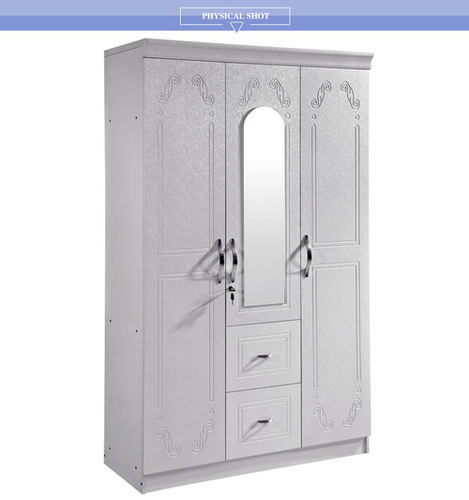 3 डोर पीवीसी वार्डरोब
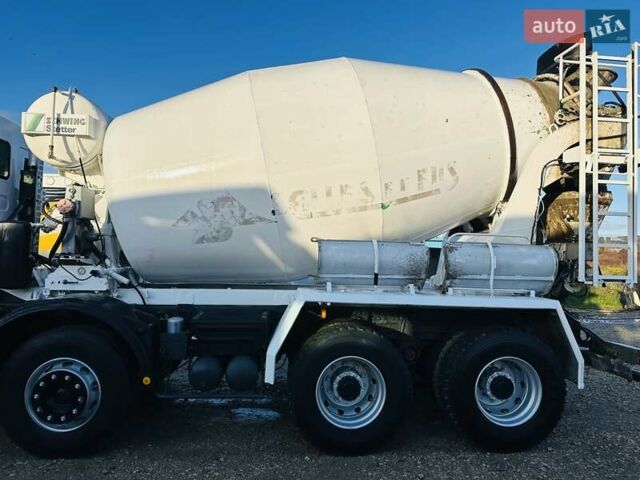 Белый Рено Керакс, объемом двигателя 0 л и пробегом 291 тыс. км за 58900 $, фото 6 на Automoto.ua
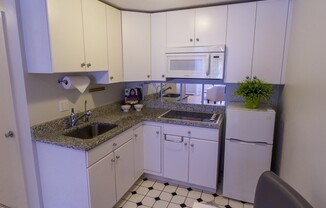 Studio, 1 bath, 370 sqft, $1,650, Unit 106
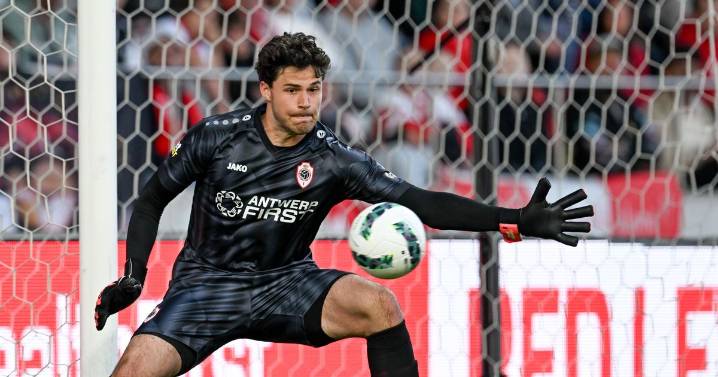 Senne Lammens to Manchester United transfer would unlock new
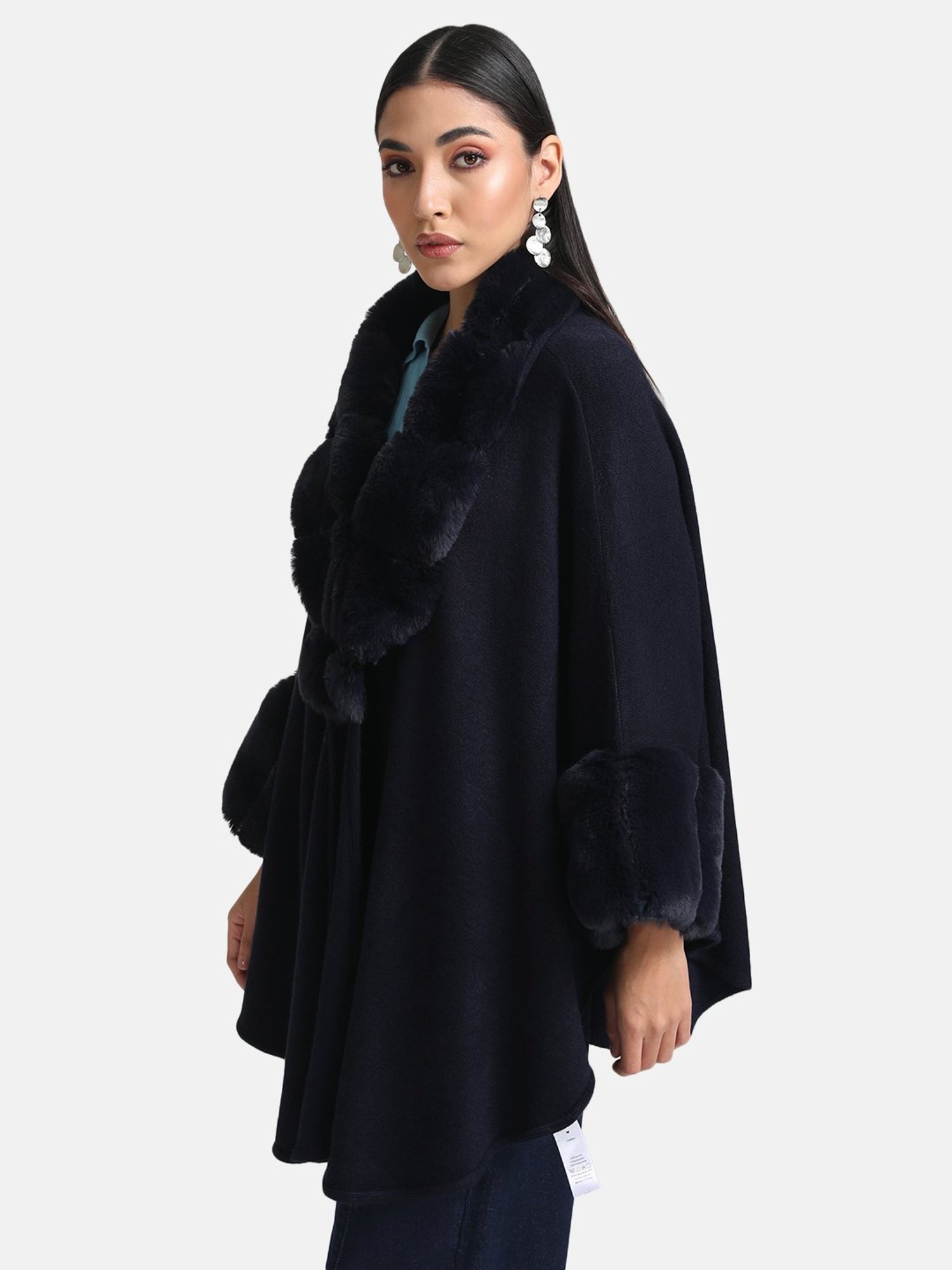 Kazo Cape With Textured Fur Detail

____

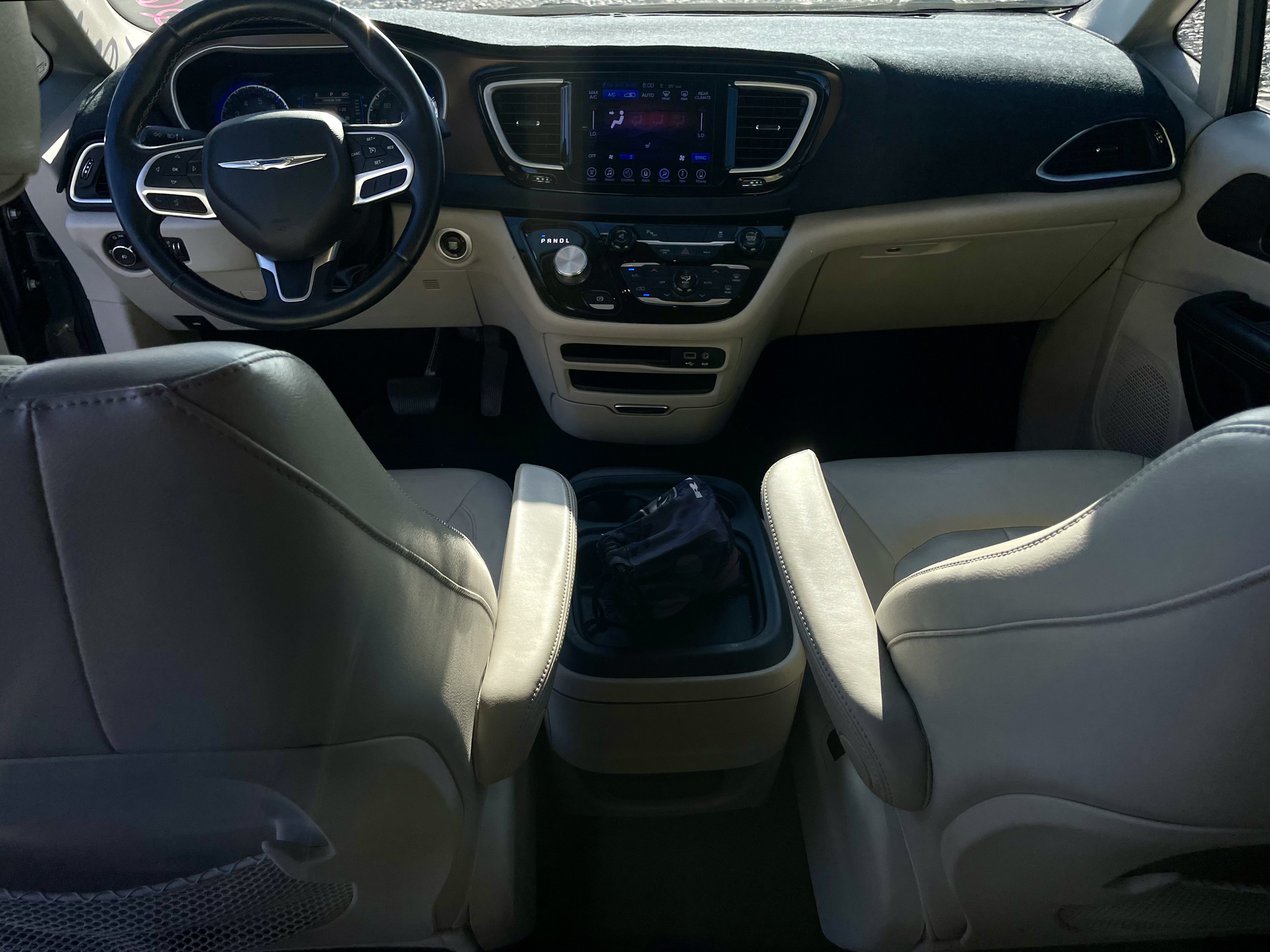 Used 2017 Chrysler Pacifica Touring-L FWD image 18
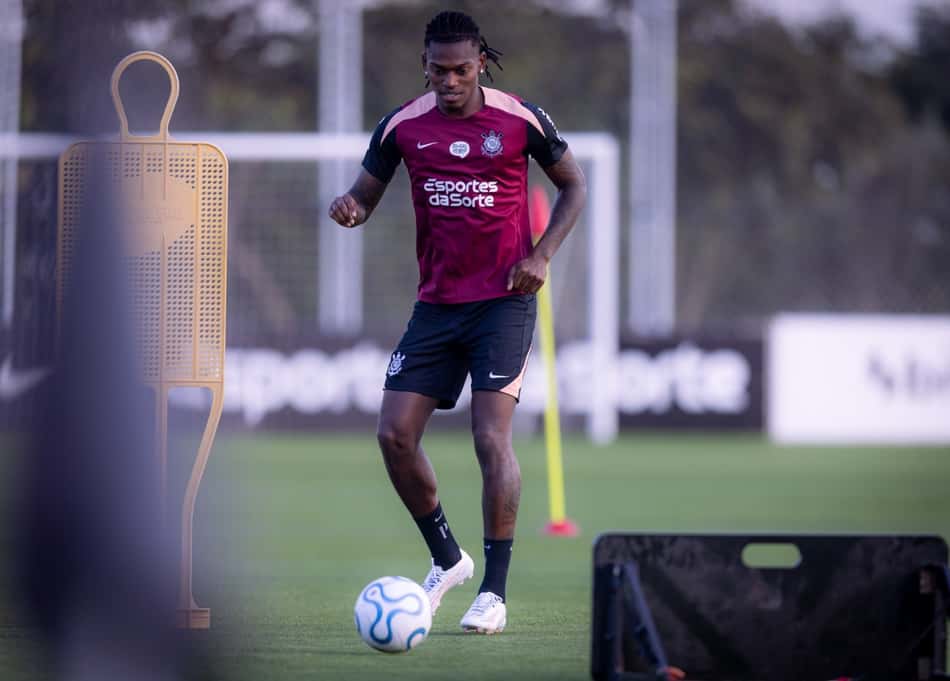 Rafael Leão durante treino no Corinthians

____

_WHAT NEEDS TO BE DONE_: Starting at the line above that holds "Used 2017 Chrysler", repeat every line exactly down to and including the line that holds "Rafael Leão durante treino no Corinthians", then stop. Do not carry over any pictures.

_RESULT FOR THIS TASK_:
 Used 2017 Chrysler Pacifica Touring-L FWD image 18
 Rafael Leão durante treino no Corinthians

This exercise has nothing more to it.